This is a story about French fries and anxiety dreams
What are your anxiety dreams about? Are you back to school in your underwear? Did you completely forget that you enrolled for a class and the exam is tomorrow? For a long time, I would find myself on a plane crossing the ocean without my passport.
For a myriad of reasons, I made it to almost 40 without traveling overseas. I’d been to a handful of other countries within my own continent (North America). I love traveling, and I knew visiting other continents was something I wanted to do, but somehow every opportunity vanished from my grasp like the gold coins at the end of the rainbow.
I wondered if I’d ever travel abroad. In college, my passport was stolen in Montreal. Obtaining a new passport was the sort of in-person tedious process my brain is hard wired to avoid. Around this time, I would have recurring dreams that I was on a plane to a foreign country (often Belgium, which I’ve never had any specific desire to visit) only to realize I didn’t have a passport. I’d made it on the plane and into the air, and I knew that after the several hours spent packed with others like sardines, I’d be asked to return home.
I finally managed to get a new passport preceding my 2019 trip to Canada. I thought this might be the end of the dreams. Instead, my nighttime self would continually forget her passport, realizing she left it at home before the plane took off, or (even worse) after. Not being able to find my passport before going to the Austin airport in real life last year did not help my anxiety (I eventually found it in a pocket of my purse I forgot existed).
In April and May, I finally made it to the other side of the Atlantic! My mom and I went to the UK (London and Scotland). I remember, continually, checking the location of my passport: while packing, in the car, at the airport, on the plane. I learned they don’t let you get on the plane without a passport if you’re traveling abroad, so unless my passport went missing while I was on the plane I’d be fine. They wouldn’t send me back.
I remember walking outside in London thinking “now what will my anxiety dreams be about?” Maybe they won’t change, since I still haven’t been to Belgium.
Soon after we arrived in London, we tried one of the cities most celebrated dishes: fish and chips. I eschewed malt vinegar for fresh lemon juice, salt, and pepper. “Can you get seasoned chips here?” I asked our host, a US born London transplant who’d been in the city long enough to have missed the seasoned fries trend in the US.
“What are they seasoned with?”
“Garlic, usually. Sometimes paprika. Maybe some other things. Salt and pepper.”
She confirmed she hadn’t seen anywhere offering seasoned fries, but that they sounded good.
The day before we left we went to an old inn called The George, and I noticed seasoned fries (not chips) on the menu. We ordered a side to share. They came in a little cup, and I’ll tell you, these were the most mildly seasoned fries I’d ever tasted. Barely seasoned fries, perhaps. There was salt and pepper, and they might have been in the same room with a clove of garlic.
Perhaps the British just don’t “do” seasoning like we do in the US. We’re the country that invented Doritos—a food I’m pretty sure was developed to hit as many taste buds as possible.

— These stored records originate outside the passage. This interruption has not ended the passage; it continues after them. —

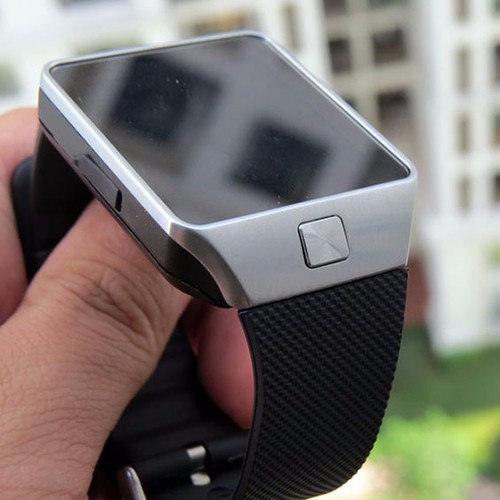 Đồng hồ điện thoại- nghe gọi dz max smartwatch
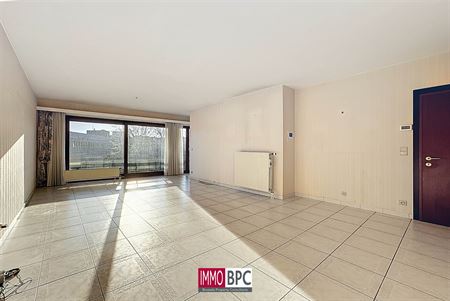 SUPERBE APPARTEMENT AVEC VUE PANORAMIQUE ET GARAGE - IMMO BPC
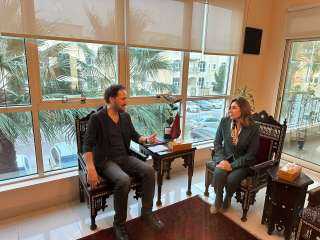 وزيرة الثقافة في زيارة لبيت العود العربي في أبو ظبي لتعزيز التعاون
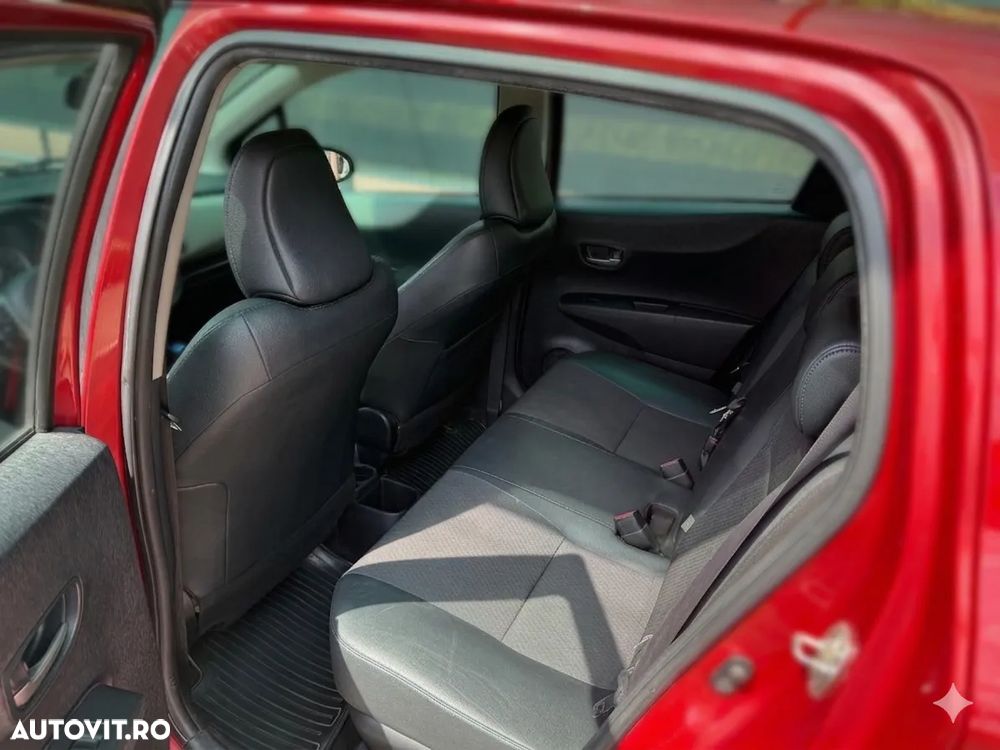 Toyota Yaris 1.5 VVT-i HSD Sol - 7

Meanwhile, the British have “brown sauce,” a condiment that resembles BBQ sauce except without the smokiness, tang, or other flavor that actually makes BBQ sauce good.
On the other hand, I discovered Whopper (the burger, not the candy) flavored potato chips at the local grocery store.
So I don’t sound like I’m only complaining about British food: Sticky toffee pudding is delicious, and the Scottish know how to smoke a salmon.
I haven’t had any anxiety dreams since returning to the US. I don’t think this means I’m free of this type of dream, oh no. I’m sure my subconscious is just trying to figure out what form it should take next. After all, I still haven’t been to Belgium. I hear they’re famous for their fries.